[Opening Extracted information section]

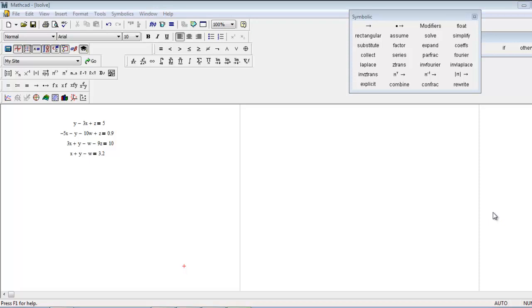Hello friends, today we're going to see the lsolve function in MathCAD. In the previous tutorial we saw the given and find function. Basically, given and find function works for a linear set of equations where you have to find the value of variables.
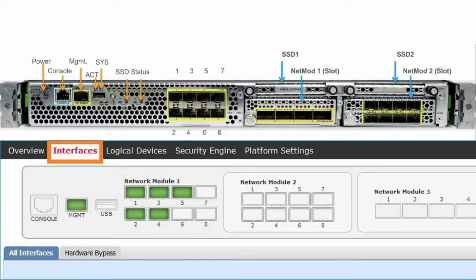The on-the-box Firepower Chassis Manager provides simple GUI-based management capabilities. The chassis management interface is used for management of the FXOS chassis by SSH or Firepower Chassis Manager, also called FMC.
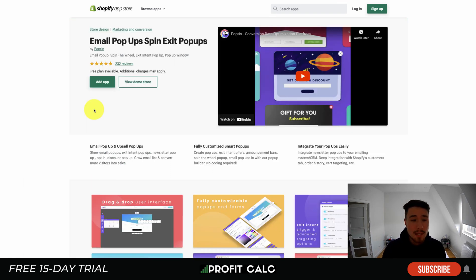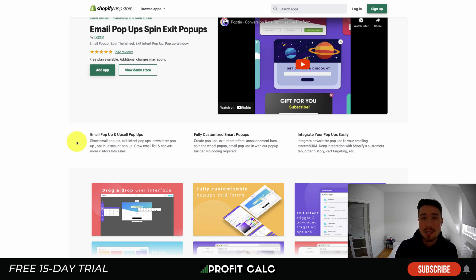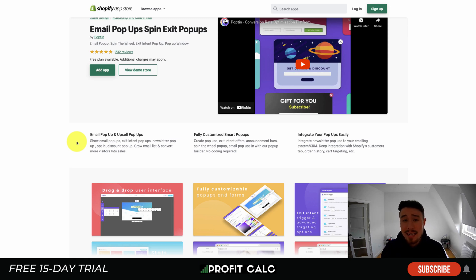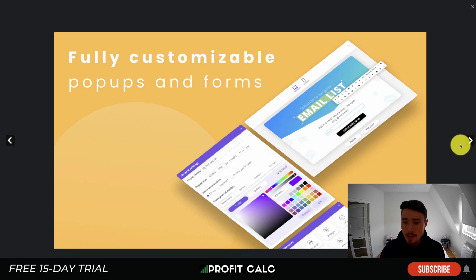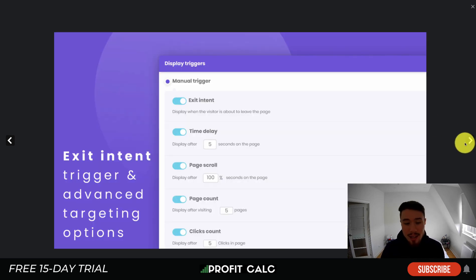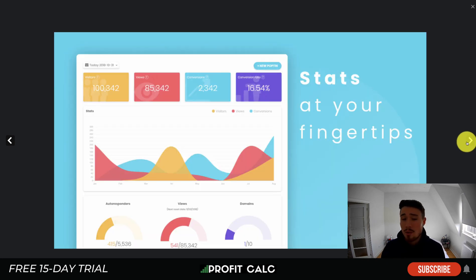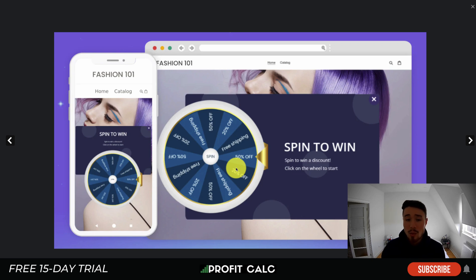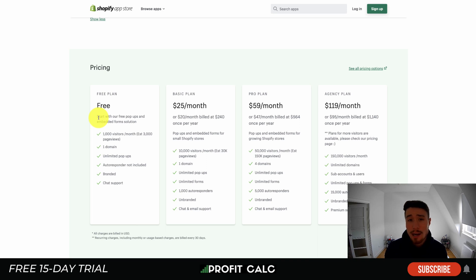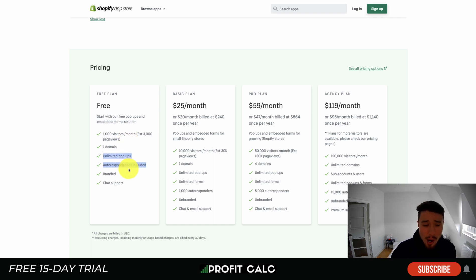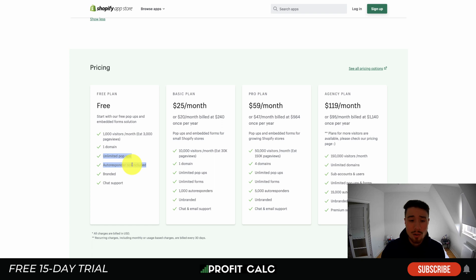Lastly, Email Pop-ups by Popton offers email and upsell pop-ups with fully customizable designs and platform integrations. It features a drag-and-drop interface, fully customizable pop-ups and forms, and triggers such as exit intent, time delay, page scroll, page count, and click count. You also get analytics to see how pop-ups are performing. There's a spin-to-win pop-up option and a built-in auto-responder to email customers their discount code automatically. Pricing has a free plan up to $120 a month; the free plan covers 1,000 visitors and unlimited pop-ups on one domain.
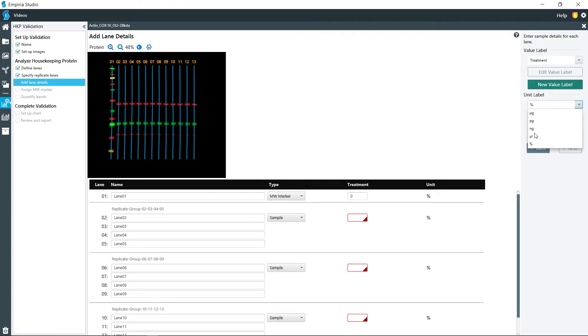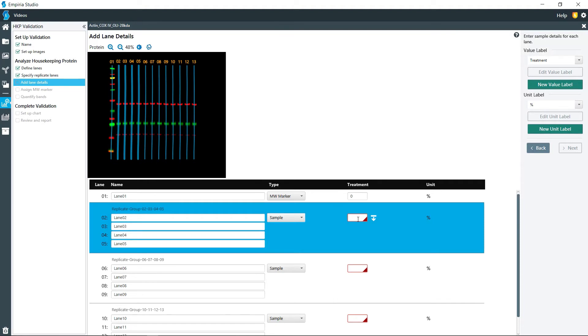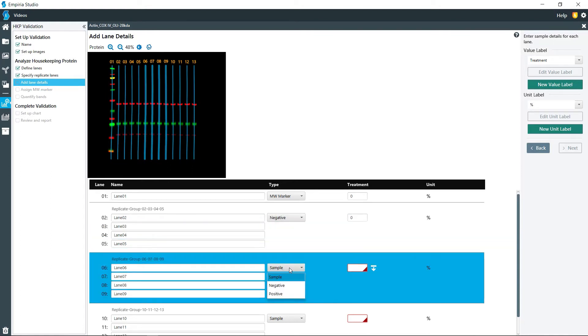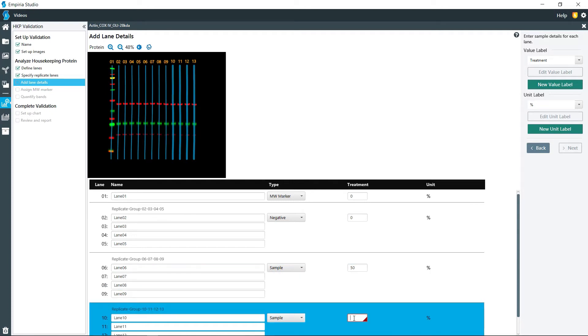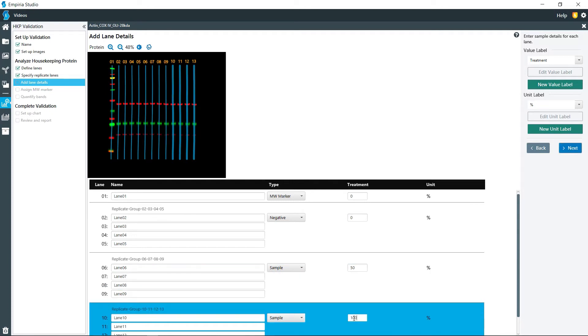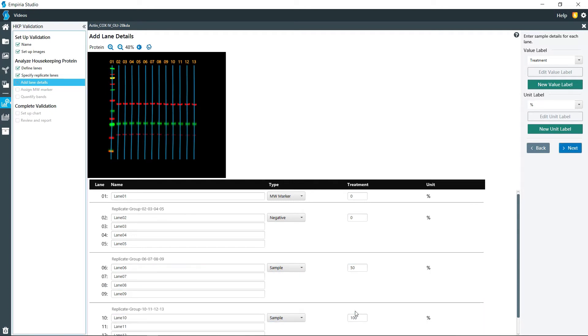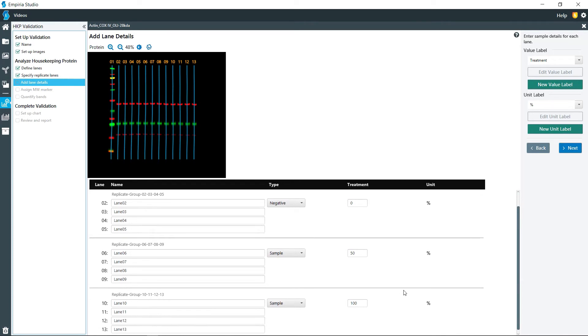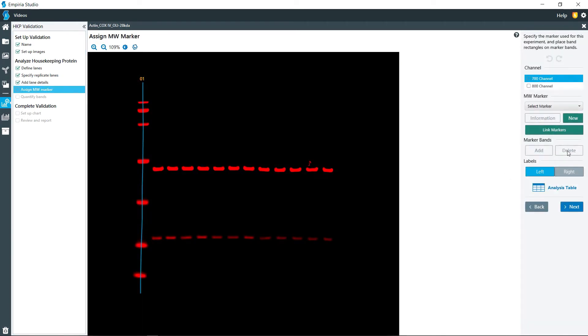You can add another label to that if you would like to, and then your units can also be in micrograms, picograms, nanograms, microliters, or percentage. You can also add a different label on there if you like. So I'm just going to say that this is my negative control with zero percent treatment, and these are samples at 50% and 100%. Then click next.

[Closing Extracted information section]
[Opening Extracted information section]

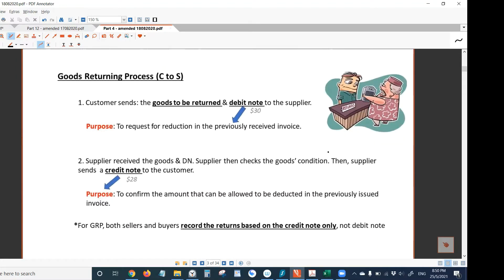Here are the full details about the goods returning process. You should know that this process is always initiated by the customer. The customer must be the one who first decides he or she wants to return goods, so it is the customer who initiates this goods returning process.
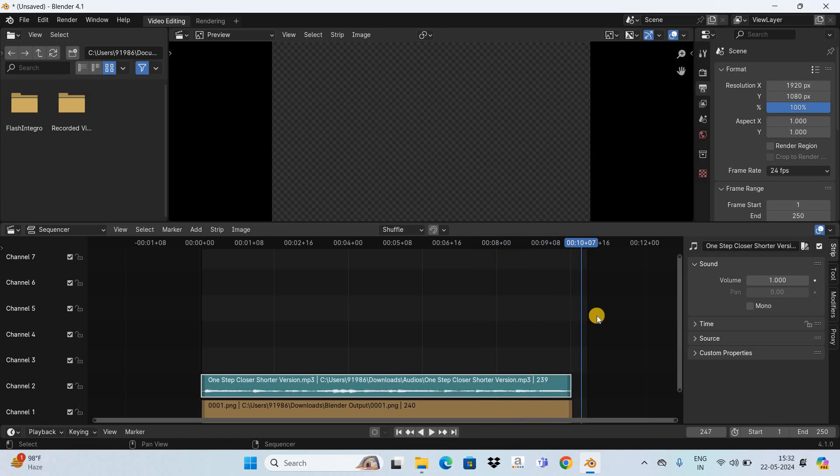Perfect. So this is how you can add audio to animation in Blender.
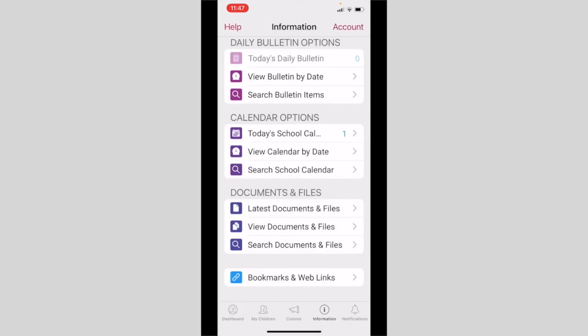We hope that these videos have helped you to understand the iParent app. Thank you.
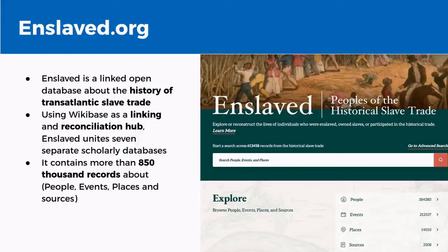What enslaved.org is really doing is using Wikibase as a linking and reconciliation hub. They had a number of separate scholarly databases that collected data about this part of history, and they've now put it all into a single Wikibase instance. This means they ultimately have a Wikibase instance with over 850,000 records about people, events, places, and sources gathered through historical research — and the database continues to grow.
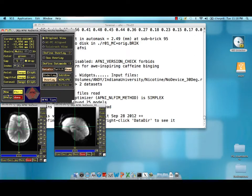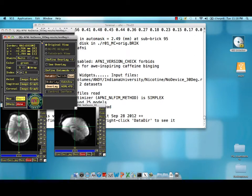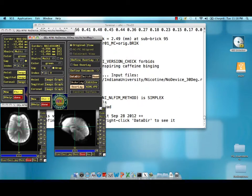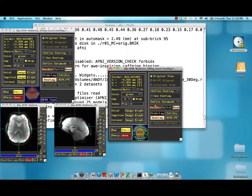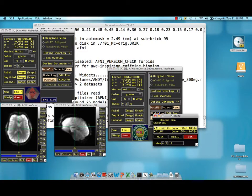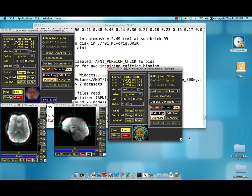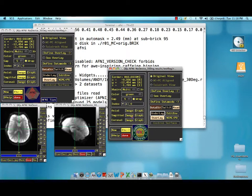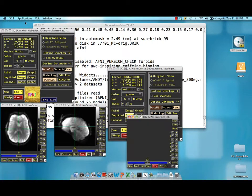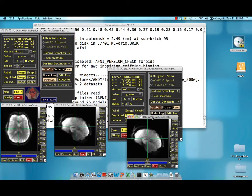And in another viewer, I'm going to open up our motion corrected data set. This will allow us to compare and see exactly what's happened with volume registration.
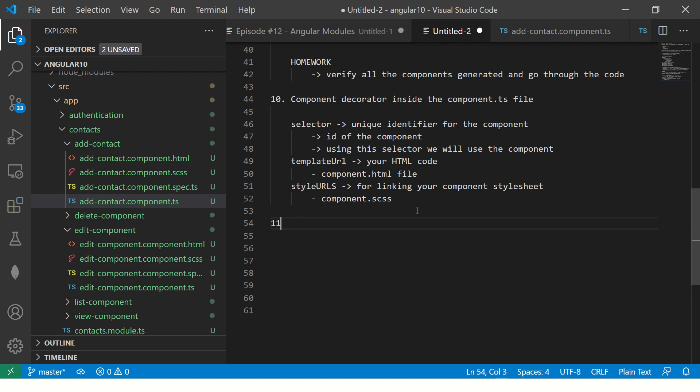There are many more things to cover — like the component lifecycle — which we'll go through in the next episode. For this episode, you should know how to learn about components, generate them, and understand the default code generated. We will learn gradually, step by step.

[Closing Extracted information section]
[Opening Extracted information section]

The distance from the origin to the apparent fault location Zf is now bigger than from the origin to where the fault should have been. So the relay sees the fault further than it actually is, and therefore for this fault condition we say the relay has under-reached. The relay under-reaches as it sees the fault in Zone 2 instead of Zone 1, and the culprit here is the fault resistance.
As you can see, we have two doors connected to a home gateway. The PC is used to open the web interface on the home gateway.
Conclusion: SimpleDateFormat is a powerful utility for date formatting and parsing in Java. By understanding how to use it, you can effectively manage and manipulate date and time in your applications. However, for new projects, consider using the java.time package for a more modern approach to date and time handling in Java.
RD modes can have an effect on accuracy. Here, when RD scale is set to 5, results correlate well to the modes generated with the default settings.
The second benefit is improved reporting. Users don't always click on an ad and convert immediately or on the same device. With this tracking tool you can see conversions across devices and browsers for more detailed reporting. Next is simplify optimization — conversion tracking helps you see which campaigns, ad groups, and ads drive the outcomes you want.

[Closing Extracted information section]

◆ Problem to solve: Copy exactly the lines of the entries above from the one containing "What enslaved.org is" through the one containing "And in another". Both end lines count; pictures do not.

◆ Expected answer:
What enslaved.org is really doing is using Wikibase as a linking and reconciliation hub. They had a number of separate scholarly databases that collected data about this part of history, and they've now put it all into a single Wikibase instance. This means they ultimately have a Wikibase instance with over 850,000 records about people, events, places, and sources gathered through historical research — and the database continues to grow.
And in another viewer, I'm going to open up our motion corrected data set. This will allow us to compare and see exactly what's happened with volume registration.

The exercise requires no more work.